Tuesday, November 27, 2007

Horsing Around, Part I: Tilburys, Broughams, Cabriolets, Curricles, Landaus, Phaetons, and Barouches

During most of the nineteenth century, everyone horsed around.

And I mean that quite literally. If you wanted to go somewhere, chances were you used a horse to either ride or to draw a cart or carriage of some sort.

Relying on horses for transportation meant several things. It meant you had to have a place for them to live (stables and a paddock). You had to have people to take care of them (grooms and stable boys) and appropriate food and care (proper shoeing and veterinary care when necessary). And you had to have means to actually use them, like saddles and tack or a carriage…which in turn necessitated having coachmen and other staff.

As you might guess, having your own horses and carriage meant you were probably at least semi-wealthy--and the more horses and carriages you owned, the wealthier you were. Having an elegant carriage and matched horses to draw it (grays were the most popular carriage horses) was the nineteenth century version of having a Lexus or a Mercedes in the garage. Those who couldn’t afford to keep their own horse and carriage could rent one when necessary, usually from a local inn or a livery stable.
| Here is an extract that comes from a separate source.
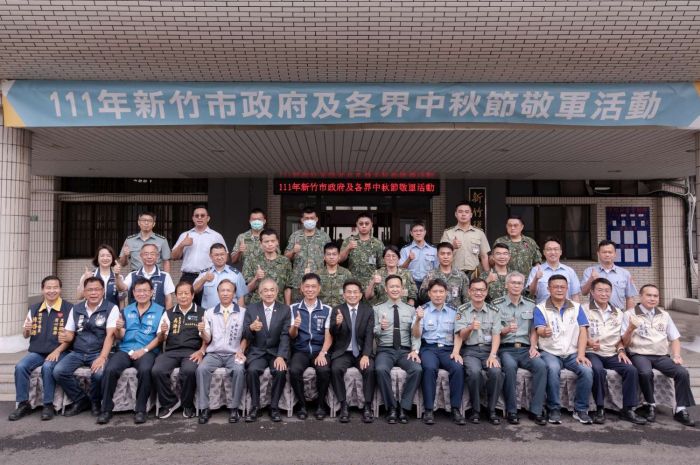 感謝國軍護國辛勞、支援防疫勤務 中秋前夕陳章賢率團敬軍致贈慰問金　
Relying on horses to get around also meant that you didn’t just up and hop on your horse to go to the mall or out for pizza on a whim…because it takes a while to get a horse saddled or hitched up to a carriage. It also meant that if you were traveling a long distance with your own horses, you could only go as far and as fast in a day as the road conditions would allow…and stop for the night when the horses were tired. Alternately, you could travel longer distances more quickly on the system of stage coaches that traveled between most of the major cities and towns of England, stopping at special coaching inns to change horses periodically.

Carriages came in many forms, and different styles went in and out of fashion over the years. They could seat as few as two or as many as six, could have two or four wheels, be drawn by one, two, or four horses, be open to the air or completely enclosed. A wealthy young man in the 1820s trying to impress the girls might drive a curricle, a small open two-wheeled, two-horse vehicle, or a tilbury (similar but drawn by one horse). His parents would have a handsomely-painted barouche, a closed carriage with four wheels that seated four passengers plus a footman or two hanging on in the back and perhaps also a cabriolet or phaeton that they could drive themselves.
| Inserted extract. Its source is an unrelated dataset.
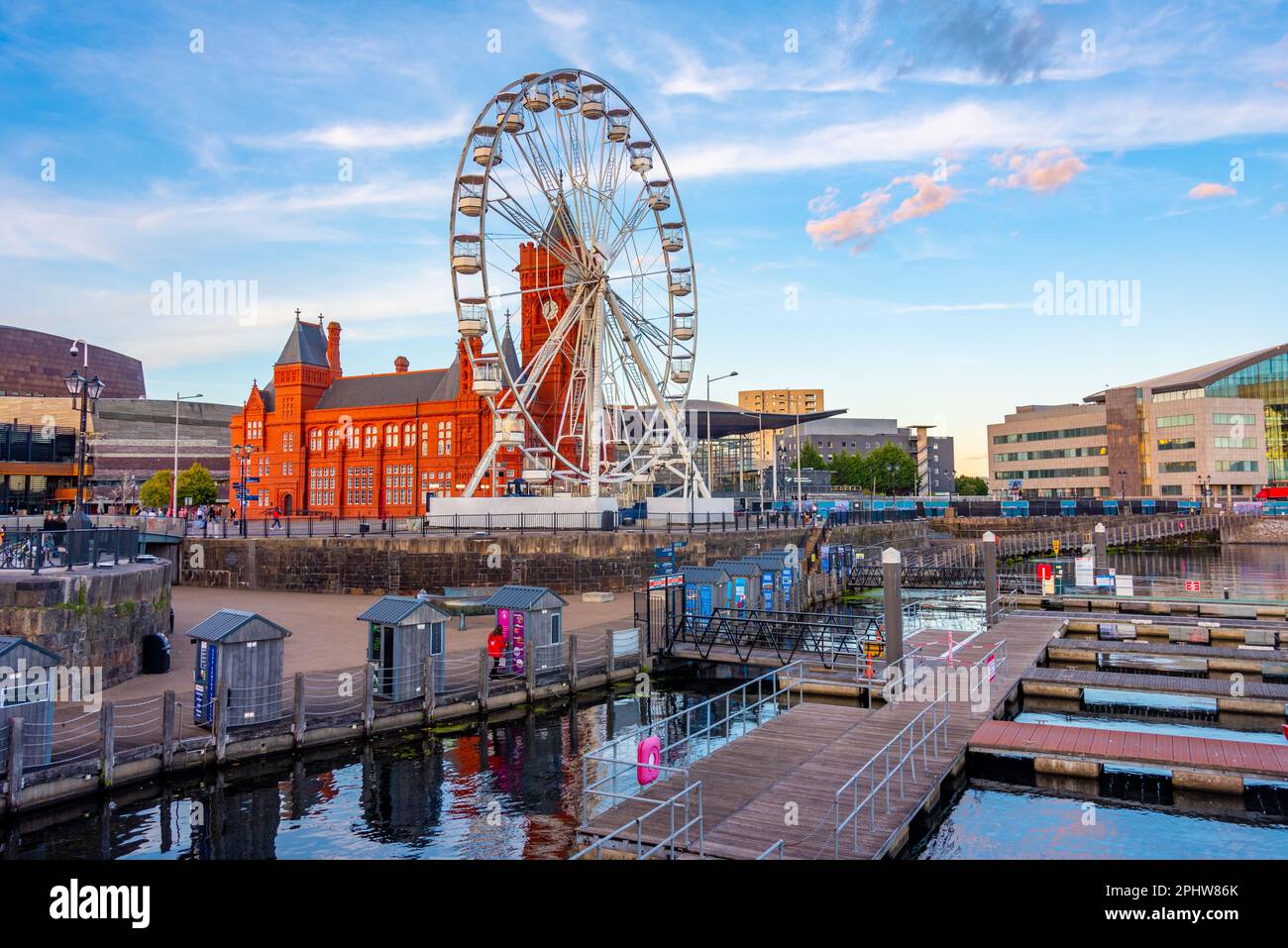 Skyline della baia di Cardiff in Galles, Regno Unito. Foto Stock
Coaching was also something of a hobby for wealthy young men. Someone who was skilled in the “noble art of handling the ribbons” wasn’t doing his sisters’ hair wraps, but was an exceptionally skilled coachman ("ribbons" was slang for reins). Young men being remarkably unchanged over the centuries, coaching generally meant racing…and, of course, betting on those races. The Prince of Wales himself was known in his younger days as a keen coachman, frequently trying to shave precious minutes off his record traveling between Brighton and London.
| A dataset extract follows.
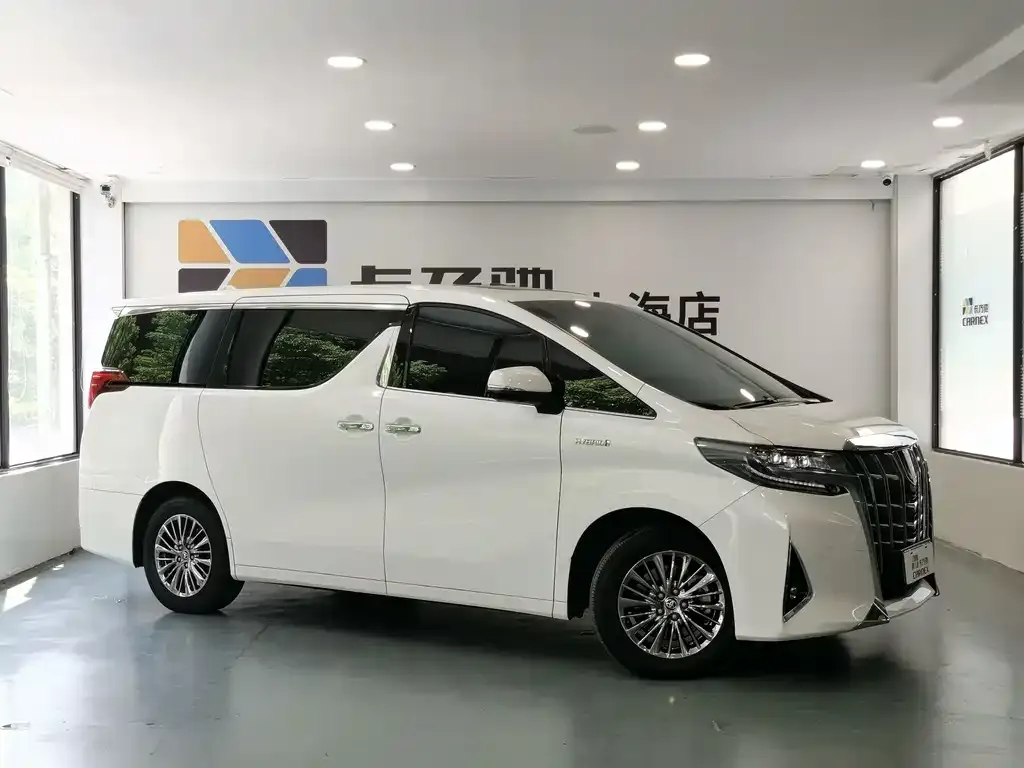 Toyota Alphard — фото 2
By the 1840s rail transport began to boom and eventually replaced the stage coaches, and later on in the 1890s inventors tinkered with engine-driven cars, but the horse was pretty much it for most of the nineteenth century.

Next week: Horsing Around, Part II: Good Habits

1 comment:

Sarah Prineas said...

Cool! I always liked that bit in P&P when Jane Bennet can't have the horses for the carriage because they're needed on the farm. Not exactly a Mercedes for the Bennets, more a...beat up station wagon?